— GIVEN ENTRIES —

:::

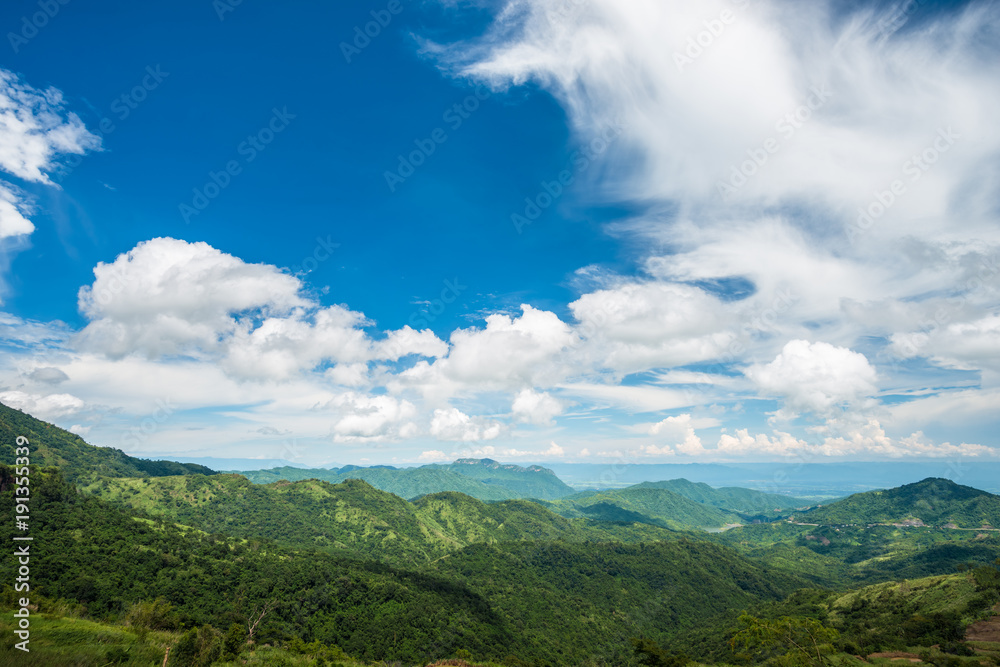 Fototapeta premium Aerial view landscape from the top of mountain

:::

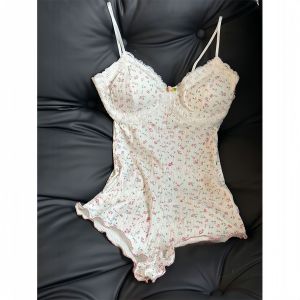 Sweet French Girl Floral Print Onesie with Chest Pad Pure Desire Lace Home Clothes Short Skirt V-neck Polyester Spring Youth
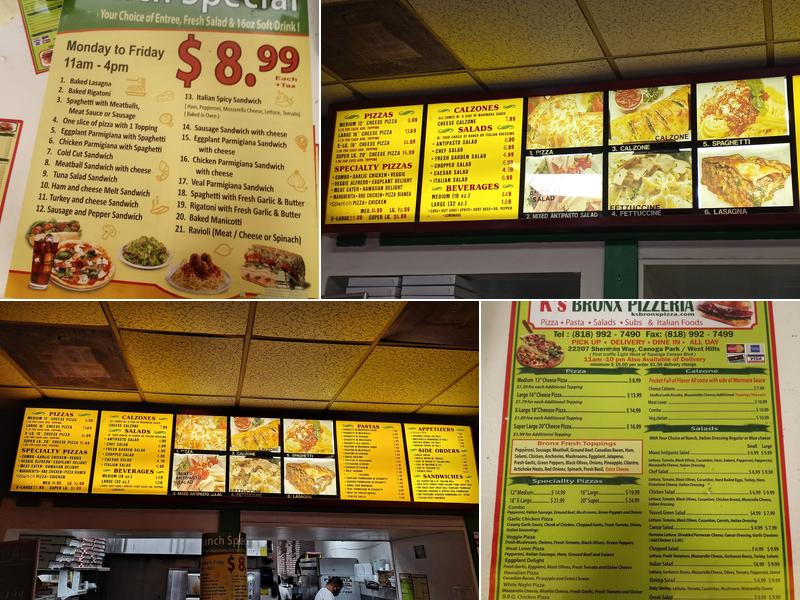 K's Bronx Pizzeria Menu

:::

— ACTIVITY —
Leaving out the pictures, please output the lines in the entries above from the one with "Sweet French Girl" through the one with "K's Bronx Pizzeria Menu", exactly as they are.

— ANSWER FOR THIS EXERCISE —
 Sweet French Girl Floral Print Onesie with Chest Pad Pure Desire Lace Home Clothes Short Skirt V-neck Polyester Spring Youth
 K's Bronx Pizzeria Menu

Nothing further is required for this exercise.